Berdasarkan Data Distribusi Simpanan Bank Umum yang dirilis Lembaga Penjamin Simpanan (LPS), dana pihak ketiga (DPK) yang dikelola bank umum per November 2019 tumbuh 6,54% secara tahunan (year-on-year/yoy) menjadi Rp6.042 triliun. Pertumbuhan ini lebih rendah dibandingkan dengan periode yang sama pada 2018.
Sebagai perbandingan, pada November 2018 nilai simpanan yang dikelola bank-bank umum tumbuh 7,42% yoy. Bahkan, pada November 2017 pertumbuhan DPK di bank umum mencapai 9,77% yoy.
Jika dibedah lebih dalam, perlambatan pertumbuhan simpanan bank umum karena rendahnya kenaikan DPK jenis giro dan deposito. Per November 2019, nilai giro dan deposito yang dikelola bank-bank umum tumbuh masing-masing 6,27% dan 6,61% yoy.
Pertumbuhan giro dan deposito tersebut di bawah kenaikan simpanan jenis tabungan. Pada periode yang sama, tabungan bank umum tumbuh 7,29% yoy menjadi Rp1.869 triliun.

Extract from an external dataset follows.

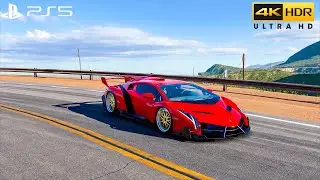Gran Turismo 7: 940HP Lamborghini Veneno Open World Free Roam Gameplay [PS5 4K]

Hingga periode tersebut, simpanan perbankan masih didominasi oleh deposito sebesar 42,66%. Kemudian, 24,68% merupakan giro dan 30,94% tabungan.
Baca Juga
Apabila ditilik dari segi kepemilikan, Bank Pembangunan Daerah (BPD) menjadi jenis bank yang paling tinggi pertumbuhan simpanannya. Pada periode yang sama, nilai simpanan yang dikelola BPD tumbuh 10,82% yoy menjadi Rp594,27 triliun.
Kenaikan ini lebih tinggi dibandingkan dengan pertumbuhan DPK pada bank swasta nasional sebesar 7,44%, dan bank pelat merah yang mencapai 7,39% yoy. Bahkan, jumlah simpanan masyarakat di bank campuran dan asing tercatat turun masing-masing 14,85% dan 3,5% yoy.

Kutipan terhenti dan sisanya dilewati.